Borough first responders and residents who helped with the emergency two weeks ago were recognized at a council meeting Tuesday, with Mayor Tom Blaskiewicz awarding 56 certificates to police officers, firefighters, and EMTs.
“It’s so easy to say the word ‘first responder,’ but I wanted people in our community and in this region to know that these are husbands, brothers, sisters and when they hear the call they’re there,” he said. “I learned a long time ago that you celebrate successes, and we dodged a big bullet. I wanted us to gather here at this first monthly meeting and thank these people for all of their hard work.”
Sections of West Pittston were under a mandatory evacuation order for a time due to the rapid rise of the river. But when the ice jam broke, floodwaters on Susquehanna Avenue and side streets receded quickly.
Businesses that were honored included Luna’s Pizza and Antonio’s Pizza for donating food to residents and responders, as well as Kuharchik Construction for donating lighting to the flooded area.
Thomas Landscape Management, which is based in West Pittston, was also singled out for using its equipment to clean streets of ice and other debris. The business did the work free of charge.
The flood was the first natural disaster for Police Chief Mike Turner, who said he relied on the experience he picked up from his superiors during the 2011 Lee flood.
“I was thinking of what we did back then and I implemented it this time. So, that helped me out,” said the chief.

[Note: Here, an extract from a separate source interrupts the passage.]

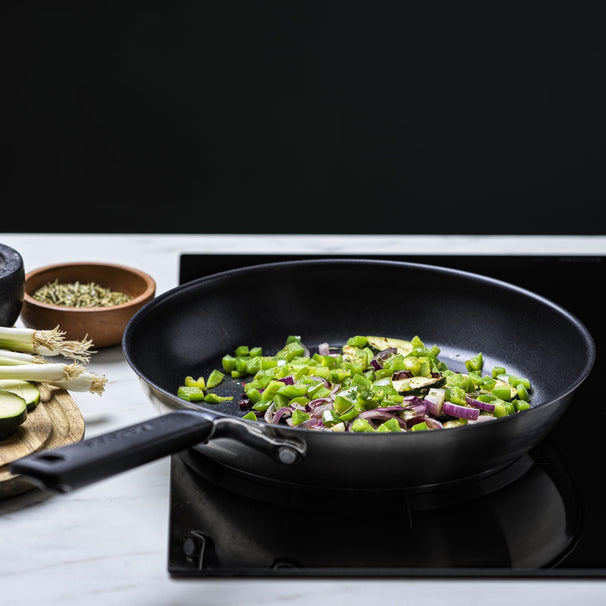 KitchenAid Koekenpannenset Classic RVS 3-delig - ø 20, 24 & 28 cm - keramische anti-aanbaklaag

Turner said officers assisted with the evacuation process by going door to door. He was also in near-constant contact with the mayor on everything that was happening.
“The mayor and I worked hand in hand,” Turner said. “He helped me, I helped him and it was great. He had ideas, I had ideas and we were working together the entire time of the flood.”
West Pittston Fire Chief John Hood said his crews also went door to door, advising residents of the situation and handing out flyers. They also helped with evacuations.
He said the recent flood was harder to deal with than the flood of 2011 due to the unpredictability of the ice jam.
“You kind of knew what was going to happen when the water came up and what you had to do, but nobody knew what the ice was going to do,” Hood said.
Turner echoed Hood’s comments.
“Ice jams are unpredictable,” he said. “This was scary, it was unpredictable and we were monitoring it very, very closely every second of the day.”